Namun, di tengah perjalanan, tim pengabdian PNP menerima informasi terjadinya banjir bandang (galodo) susulan di Nagari Maninjau, wilayah yang berbatasan langsung dengan Nagari Bayua dan Sungai Batang. 

Bencana susulan tersebut dilaporkan cukup parah dan menyebabkan sejumlah rumah warga terdampak, serta menutup akses jalan utama akibat tumpukan batu besar dan lumpur.

Menanggapi kondisi tersebut, tim PNP bergerak cepat dengan mengalihkan sebagian bantuan logistik untuk segera disalurkan ke Nagari Maninjau sebagai langkah respons darurat. Setibanya di lokasi, tim mendapati material longsor masih menutup jalur penghubung antar-nagari, sehingga mobilitas warga dan distribusi bantuan menjadi terbatas.

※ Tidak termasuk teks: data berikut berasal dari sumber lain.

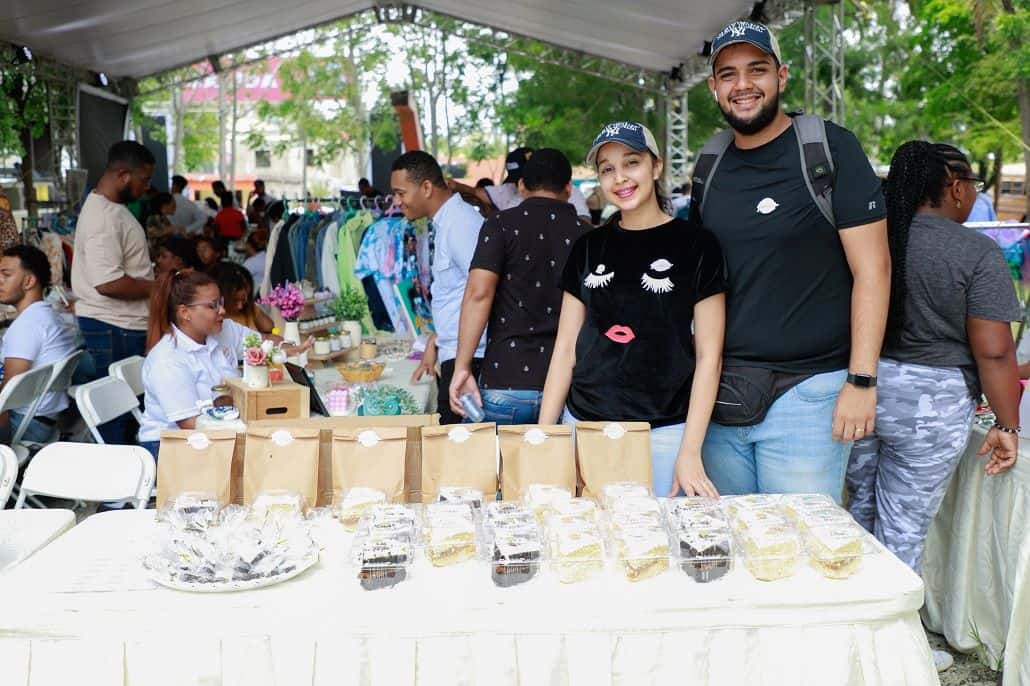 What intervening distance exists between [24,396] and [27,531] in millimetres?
1930

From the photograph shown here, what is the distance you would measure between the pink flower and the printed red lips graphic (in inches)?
61.4

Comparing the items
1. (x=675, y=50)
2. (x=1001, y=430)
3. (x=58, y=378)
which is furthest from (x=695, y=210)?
(x=675, y=50)

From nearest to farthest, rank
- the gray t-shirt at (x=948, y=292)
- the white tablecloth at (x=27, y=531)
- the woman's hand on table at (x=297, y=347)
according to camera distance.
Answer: the white tablecloth at (x=27, y=531), the gray t-shirt at (x=948, y=292), the woman's hand on table at (x=297, y=347)

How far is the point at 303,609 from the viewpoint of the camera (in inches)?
66.7

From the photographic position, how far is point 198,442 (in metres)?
2.12

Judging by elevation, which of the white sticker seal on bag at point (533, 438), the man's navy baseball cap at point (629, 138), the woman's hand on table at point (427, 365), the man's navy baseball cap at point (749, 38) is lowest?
the woman's hand on table at point (427, 365)

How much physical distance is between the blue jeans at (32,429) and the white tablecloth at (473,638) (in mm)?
2733

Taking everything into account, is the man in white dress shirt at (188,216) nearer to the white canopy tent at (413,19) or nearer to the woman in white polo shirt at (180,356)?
the white canopy tent at (413,19)

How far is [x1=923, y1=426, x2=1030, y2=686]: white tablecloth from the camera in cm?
282

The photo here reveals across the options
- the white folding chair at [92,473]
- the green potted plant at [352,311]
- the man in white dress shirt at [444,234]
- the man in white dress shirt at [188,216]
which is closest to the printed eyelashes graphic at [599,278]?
the man in white dress shirt at [444,234]

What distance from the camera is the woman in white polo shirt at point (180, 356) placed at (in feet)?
11.0

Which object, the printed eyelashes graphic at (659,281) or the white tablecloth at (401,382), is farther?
the white tablecloth at (401,382)

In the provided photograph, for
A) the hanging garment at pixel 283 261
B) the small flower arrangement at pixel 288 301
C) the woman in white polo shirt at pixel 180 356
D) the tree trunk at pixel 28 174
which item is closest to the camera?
the woman in white polo shirt at pixel 180 356

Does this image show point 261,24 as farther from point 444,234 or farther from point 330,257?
point 444,234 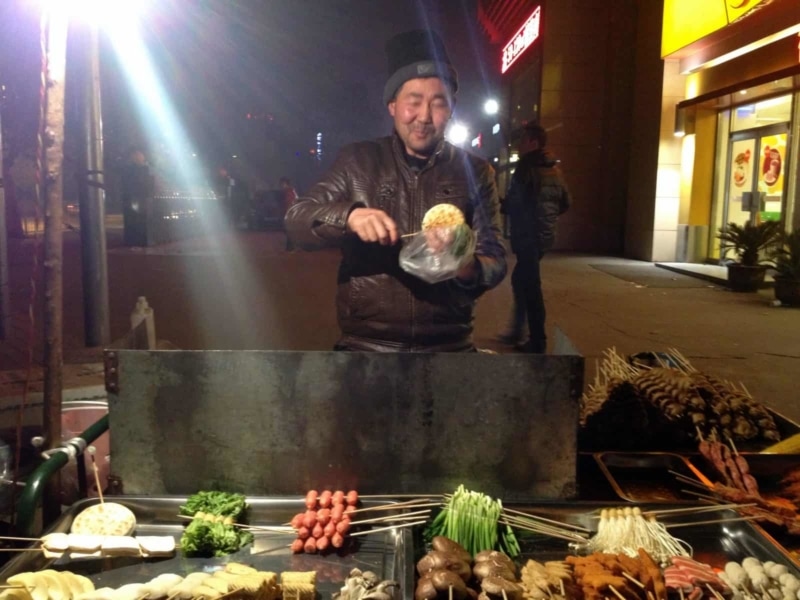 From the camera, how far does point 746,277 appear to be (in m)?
13.5

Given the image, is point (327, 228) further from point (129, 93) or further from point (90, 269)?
point (129, 93)

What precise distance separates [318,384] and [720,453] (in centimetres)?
170

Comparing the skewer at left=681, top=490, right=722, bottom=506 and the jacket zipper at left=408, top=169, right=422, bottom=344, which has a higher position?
the jacket zipper at left=408, top=169, right=422, bottom=344

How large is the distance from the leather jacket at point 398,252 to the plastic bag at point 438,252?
0.83 feet

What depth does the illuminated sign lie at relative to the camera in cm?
2114

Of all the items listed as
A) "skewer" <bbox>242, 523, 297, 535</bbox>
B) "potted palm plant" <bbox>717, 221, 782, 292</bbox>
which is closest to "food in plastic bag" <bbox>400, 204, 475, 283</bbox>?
"skewer" <bbox>242, 523, 297, 535</bbox>

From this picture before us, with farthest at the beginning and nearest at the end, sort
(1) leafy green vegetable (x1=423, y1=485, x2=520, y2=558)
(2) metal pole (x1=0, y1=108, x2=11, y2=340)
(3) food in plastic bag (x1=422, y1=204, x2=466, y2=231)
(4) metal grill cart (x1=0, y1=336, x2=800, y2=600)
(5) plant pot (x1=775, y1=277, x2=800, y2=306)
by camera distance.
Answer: (5) plant pot (x1=775, y1=277, x2=800, y2=306) < (2) metal pole (x1=0, y1=108, x2=11, y2=340) < (3) food in plastic bag (x1=422, y1=204, x2=466, y2=231) < (4) metal grill cart (x1=0, y1=336, x2=800, y2=600) < (1) leafy green vegetable (x1=423, y1=485, x2=520, y2=558)

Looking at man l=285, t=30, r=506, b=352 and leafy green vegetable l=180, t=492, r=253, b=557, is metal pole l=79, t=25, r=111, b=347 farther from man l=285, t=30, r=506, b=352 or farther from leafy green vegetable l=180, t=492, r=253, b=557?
leafy green vegetable l=180, t=492, r=253, b=557

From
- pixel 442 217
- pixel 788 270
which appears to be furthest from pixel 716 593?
pixel 788 270

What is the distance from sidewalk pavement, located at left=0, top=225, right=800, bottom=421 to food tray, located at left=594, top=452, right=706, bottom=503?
12.7ft

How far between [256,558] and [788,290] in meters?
12.1

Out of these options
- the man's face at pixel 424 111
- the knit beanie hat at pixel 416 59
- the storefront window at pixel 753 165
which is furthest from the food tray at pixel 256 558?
the storefront window at pixel 753 165

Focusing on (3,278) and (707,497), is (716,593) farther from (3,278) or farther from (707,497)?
(3,278)

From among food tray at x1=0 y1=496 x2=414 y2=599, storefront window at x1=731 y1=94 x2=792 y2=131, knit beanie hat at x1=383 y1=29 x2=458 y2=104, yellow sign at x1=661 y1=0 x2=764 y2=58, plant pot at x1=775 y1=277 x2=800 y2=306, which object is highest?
yellow sign at x1=661 y1=0 x2=764 y2=58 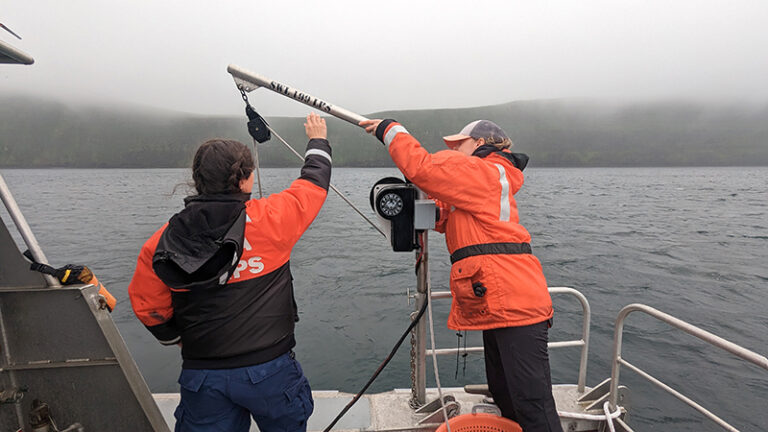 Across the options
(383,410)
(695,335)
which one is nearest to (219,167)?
(383,410)

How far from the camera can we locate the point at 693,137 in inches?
7618

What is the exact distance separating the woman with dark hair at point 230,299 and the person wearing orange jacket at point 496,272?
769 millimetres

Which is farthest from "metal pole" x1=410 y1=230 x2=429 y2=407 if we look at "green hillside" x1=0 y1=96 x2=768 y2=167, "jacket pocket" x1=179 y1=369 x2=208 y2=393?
"green hillside" x1=0 y1=96 x2=768 y2=167

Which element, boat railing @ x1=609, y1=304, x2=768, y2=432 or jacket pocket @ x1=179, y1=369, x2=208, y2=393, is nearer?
jacket pocket @ x1=179, y1=369, x2=208, y2=393

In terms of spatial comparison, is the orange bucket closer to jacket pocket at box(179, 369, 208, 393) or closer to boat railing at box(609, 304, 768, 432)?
boat railing at box(609, 304, 768, 432)

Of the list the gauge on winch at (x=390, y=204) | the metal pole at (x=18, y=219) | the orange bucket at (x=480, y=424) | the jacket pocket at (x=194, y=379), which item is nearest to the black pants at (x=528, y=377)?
the orange bucket at (x=480, y=424)

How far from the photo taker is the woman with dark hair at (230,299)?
1662 millimetres

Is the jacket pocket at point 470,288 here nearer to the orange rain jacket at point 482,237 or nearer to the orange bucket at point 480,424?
the orange rain jacket at point 482,237

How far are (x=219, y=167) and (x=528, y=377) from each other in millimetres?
2050

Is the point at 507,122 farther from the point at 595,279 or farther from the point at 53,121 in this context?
the point at 53,121

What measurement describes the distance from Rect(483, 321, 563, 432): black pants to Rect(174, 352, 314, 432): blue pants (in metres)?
1.20

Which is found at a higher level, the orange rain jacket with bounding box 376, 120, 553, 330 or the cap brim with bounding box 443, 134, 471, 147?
the cap brim with bounding box 443, 134, 471, 147

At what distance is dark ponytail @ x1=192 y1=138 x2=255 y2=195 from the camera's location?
1771 mm

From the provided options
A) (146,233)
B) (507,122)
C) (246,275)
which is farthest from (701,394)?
(507,122) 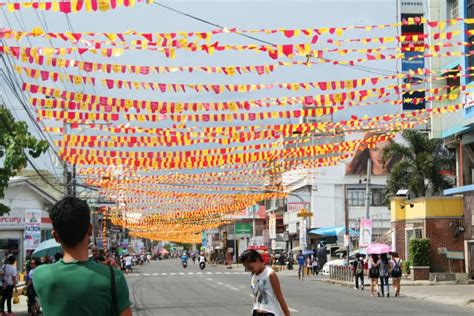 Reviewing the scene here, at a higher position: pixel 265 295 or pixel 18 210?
pixel 18 210

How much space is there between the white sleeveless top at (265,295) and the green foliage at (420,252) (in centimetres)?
3181

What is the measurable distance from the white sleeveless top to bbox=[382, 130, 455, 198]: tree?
132 ft

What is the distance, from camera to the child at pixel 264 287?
10.1m

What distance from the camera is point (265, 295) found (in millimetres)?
10148

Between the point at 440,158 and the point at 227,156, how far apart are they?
2146 cm

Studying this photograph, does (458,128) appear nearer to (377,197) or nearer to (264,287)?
(264,287)

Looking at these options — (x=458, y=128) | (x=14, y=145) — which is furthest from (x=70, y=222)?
(x=458, y=128)

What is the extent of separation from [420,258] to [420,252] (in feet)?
Result: 1.50

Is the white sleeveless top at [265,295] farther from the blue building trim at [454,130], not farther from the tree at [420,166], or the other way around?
the tree at [420,166]

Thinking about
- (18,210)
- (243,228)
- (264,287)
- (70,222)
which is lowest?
(264,287)

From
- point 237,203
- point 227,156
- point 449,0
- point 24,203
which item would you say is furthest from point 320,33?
point 237,203

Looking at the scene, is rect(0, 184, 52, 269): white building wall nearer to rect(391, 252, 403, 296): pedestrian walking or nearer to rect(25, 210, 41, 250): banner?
rect(25, 210, 41, 250): banner

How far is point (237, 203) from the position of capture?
70.6 metres

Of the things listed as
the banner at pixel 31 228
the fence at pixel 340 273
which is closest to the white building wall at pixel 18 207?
the banner at pixel 31 228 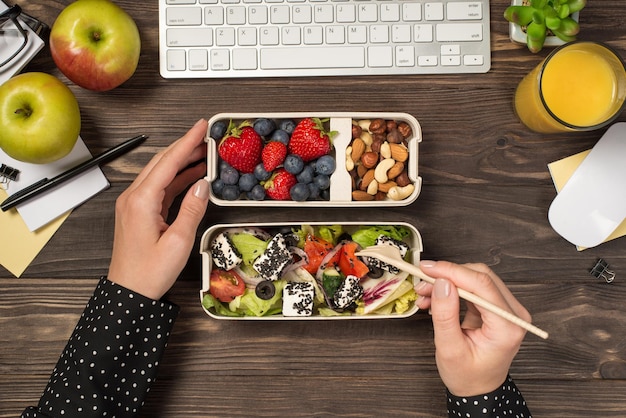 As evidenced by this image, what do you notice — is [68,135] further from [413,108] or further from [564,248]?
[564,248]

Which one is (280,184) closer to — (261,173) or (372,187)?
(261,173)

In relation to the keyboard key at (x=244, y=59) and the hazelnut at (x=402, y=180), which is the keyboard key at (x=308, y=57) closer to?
the keyboard key at (x=244, y=59)

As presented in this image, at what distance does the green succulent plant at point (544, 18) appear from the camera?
927 millimetres

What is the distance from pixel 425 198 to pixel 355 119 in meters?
0.20

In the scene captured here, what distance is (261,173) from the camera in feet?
3.09

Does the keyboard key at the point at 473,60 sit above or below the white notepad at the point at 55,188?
above

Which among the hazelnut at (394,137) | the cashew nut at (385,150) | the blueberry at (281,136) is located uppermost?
the blueberry at (281,136)

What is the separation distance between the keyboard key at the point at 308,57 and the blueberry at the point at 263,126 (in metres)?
0.11

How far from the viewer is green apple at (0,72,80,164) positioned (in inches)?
36.5

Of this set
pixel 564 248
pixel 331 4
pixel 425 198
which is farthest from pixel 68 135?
pixel 564 248

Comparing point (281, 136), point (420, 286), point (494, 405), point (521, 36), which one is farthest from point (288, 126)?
point (494, 405)

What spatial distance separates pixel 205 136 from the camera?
0.96 meters

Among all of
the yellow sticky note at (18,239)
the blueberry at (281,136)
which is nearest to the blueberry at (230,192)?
the blueberry at (281,136)

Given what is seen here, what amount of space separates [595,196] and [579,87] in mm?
199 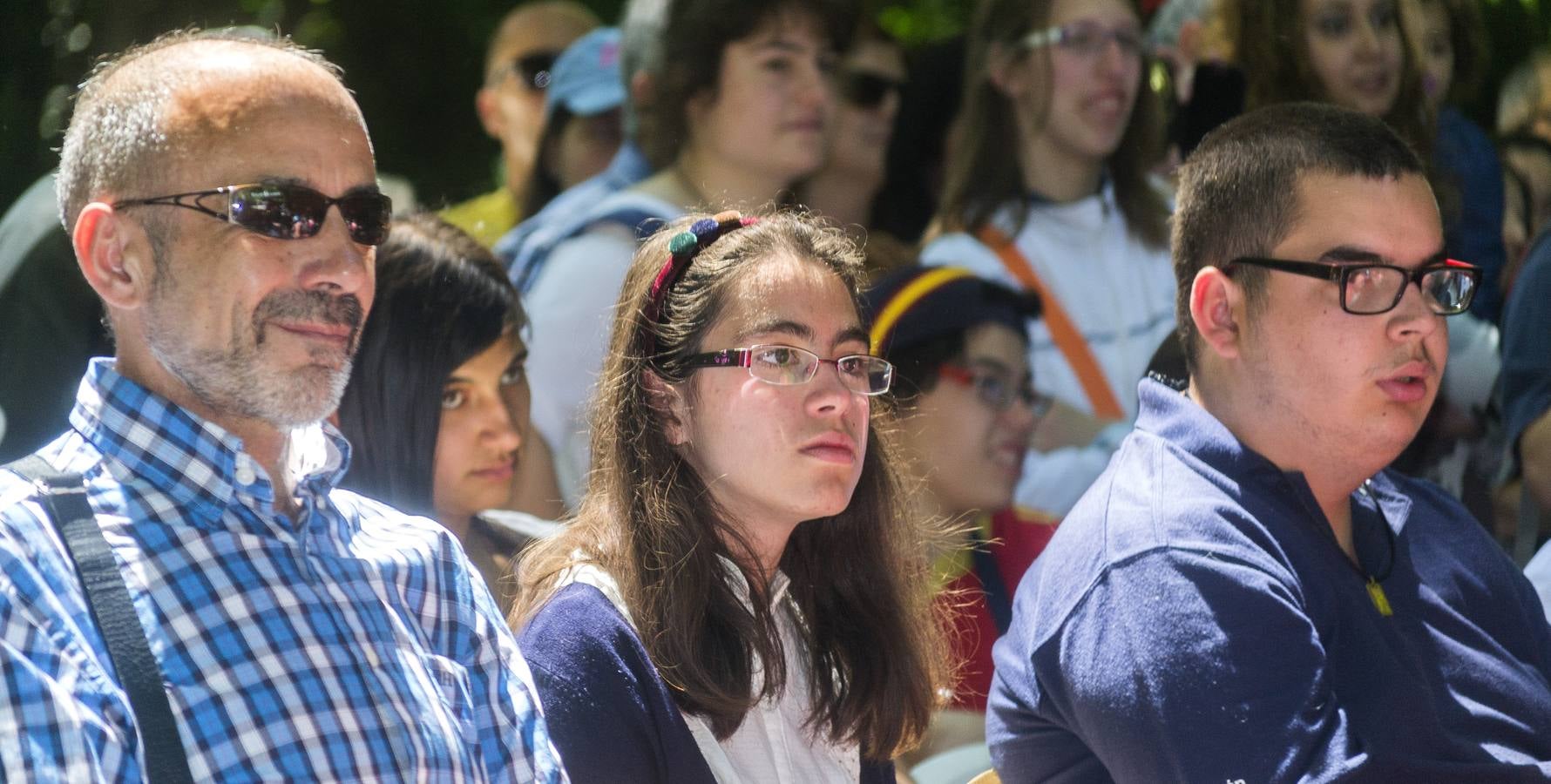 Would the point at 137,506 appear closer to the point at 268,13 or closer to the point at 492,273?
the point at 492,273

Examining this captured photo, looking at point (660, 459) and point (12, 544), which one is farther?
point (660, 459)

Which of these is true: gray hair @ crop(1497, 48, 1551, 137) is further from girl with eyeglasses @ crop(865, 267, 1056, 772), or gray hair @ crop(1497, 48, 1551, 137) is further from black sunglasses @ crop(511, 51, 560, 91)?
black sunglasses @ crop(511, 51, 560, 91)

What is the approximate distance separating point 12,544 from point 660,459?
0.95 metres

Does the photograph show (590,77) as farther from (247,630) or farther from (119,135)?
(247,630)

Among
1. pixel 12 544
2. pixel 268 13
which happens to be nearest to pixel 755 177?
pixel 268 13

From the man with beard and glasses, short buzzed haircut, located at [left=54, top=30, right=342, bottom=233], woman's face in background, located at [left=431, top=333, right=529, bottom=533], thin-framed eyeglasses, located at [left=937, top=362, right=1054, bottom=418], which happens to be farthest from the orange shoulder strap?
short buzzed haircut, located at [left=54, top=30, right=342, bottom=233]

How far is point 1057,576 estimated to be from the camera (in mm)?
2371

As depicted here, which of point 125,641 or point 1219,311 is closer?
point 125,641

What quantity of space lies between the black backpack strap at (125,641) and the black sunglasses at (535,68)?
2.30 metres

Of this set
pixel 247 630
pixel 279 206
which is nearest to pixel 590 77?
pixel 279 206

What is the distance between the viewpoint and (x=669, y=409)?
238 centimetres

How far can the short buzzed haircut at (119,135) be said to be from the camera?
72.7 inches

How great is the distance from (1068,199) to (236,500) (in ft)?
8.74

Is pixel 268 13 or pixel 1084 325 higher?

Pada keesokan harinya, tim pengabdian melanjutkan penyaluran bantuan dengan mendistribusikan sembako secara langsung ke posko-posko pengungsian di wilayah Bayua, Maninjau, dan Sungai Batang. Proses penyaluran dilakukan dengan berbagai penyesuaian teknis, menyesuaikan kondisi medan dan tingkat keselamatan di lapangan.

BACA JUGA:Dari Kampus ke Lokasi Bencana, Ini Kiprah Tim PNP di Agam dan Pariaman

Distribusi bantuan paling menantang terjadi di Nagari Sungai Batang. Akses menuju wilayah tersebut terputus dan tidak dapat dilalui kendaraan roda empat. 

Untuk memastikan bantuan tetap sampai kepada masyarakat dan pengungsi, tim pengabdian PNP melakukan distribusi secara manual dengan mengangkat dan memindahkan logistik melintasi jembatan sementara.

Proses ini terlaksana berkat kerja sama yang solid antara tim pengabdian PNP, masyarakat setempat, serta aparat TNI yang turut membantu proses distribusi. 

Setelah logistik berhasil diseberangkan, bantuan kemudian dipindahkan ke kendaraan lain di sisi seberang untuk selanjutnya diantarkan ke posko pengungsian Nagari Sungai Batang.